►

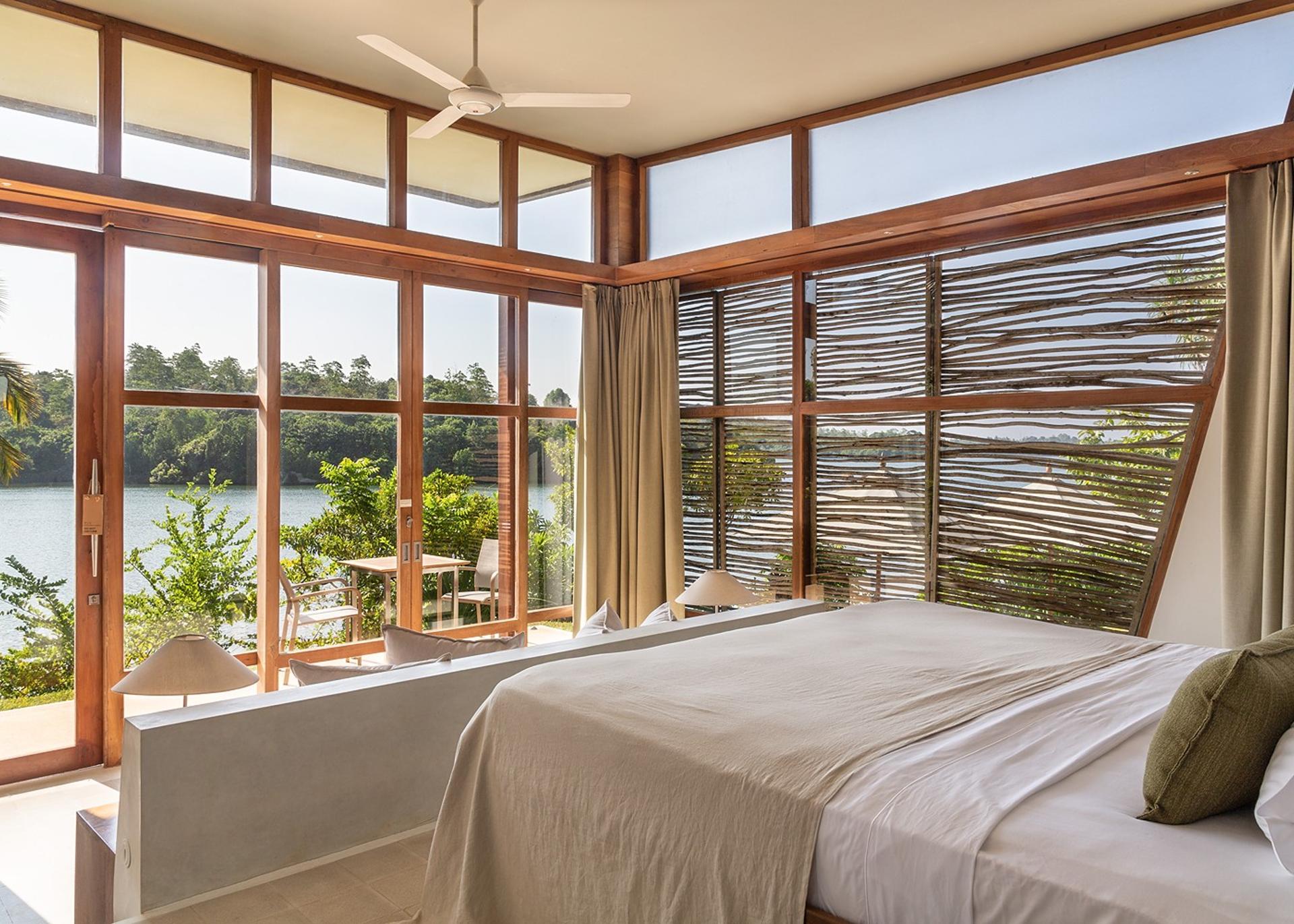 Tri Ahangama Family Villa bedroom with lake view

◄
►

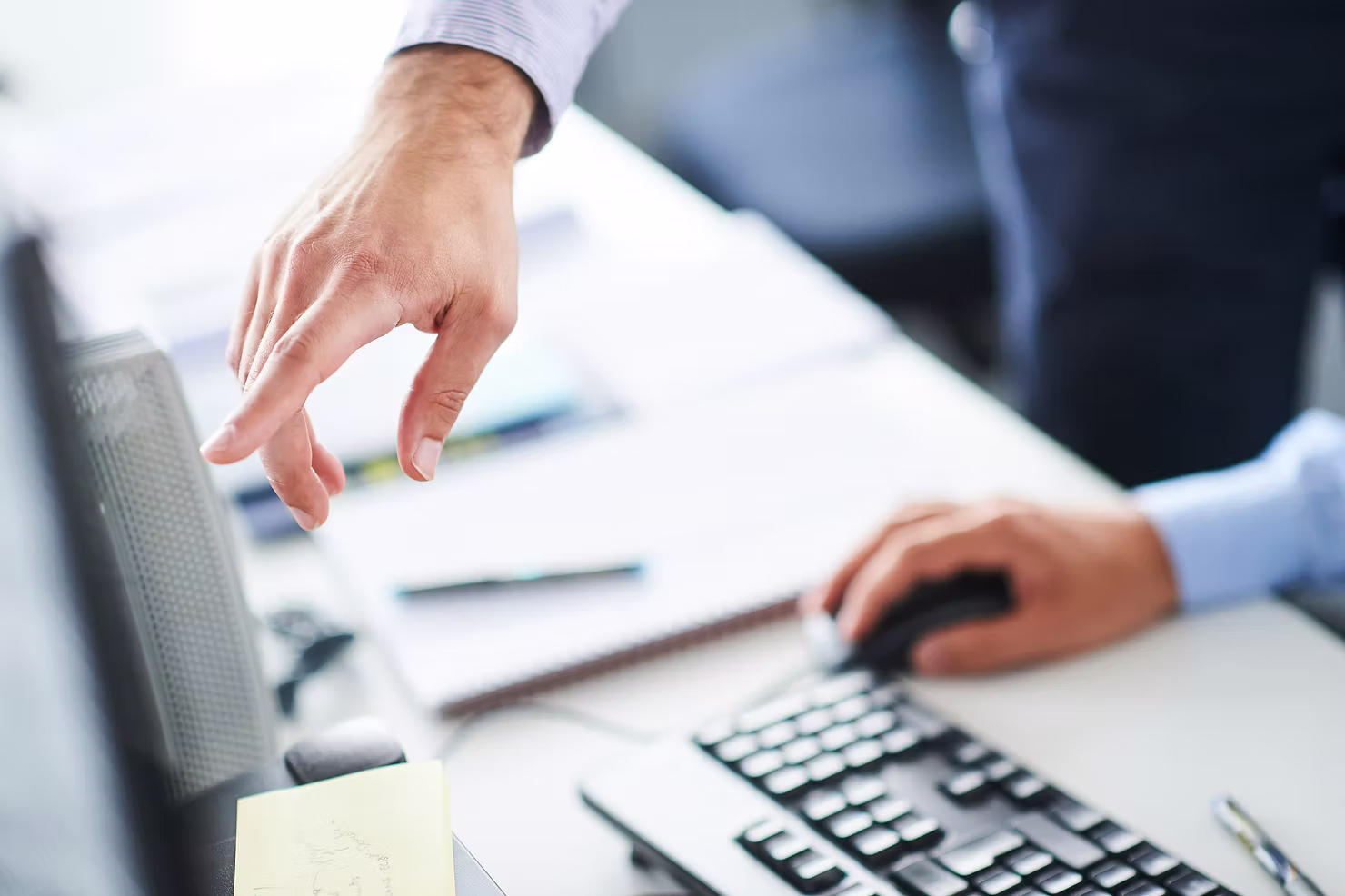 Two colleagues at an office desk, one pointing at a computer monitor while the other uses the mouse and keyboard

◄
►

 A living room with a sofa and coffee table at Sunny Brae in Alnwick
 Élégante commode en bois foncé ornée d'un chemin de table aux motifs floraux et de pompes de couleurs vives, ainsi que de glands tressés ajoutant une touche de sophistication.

◄

Check the listing above for "table". Show every line where it turns up.

 A living room with a sofa and coffee table at Sunny Brae in Alnwick
 Élégante commode en bois foncé ornée d'un chemin de table aux motifs floraux et de pompes de couleurs vives, ainsi que de glands tressés ajoutant une touche de sophistication.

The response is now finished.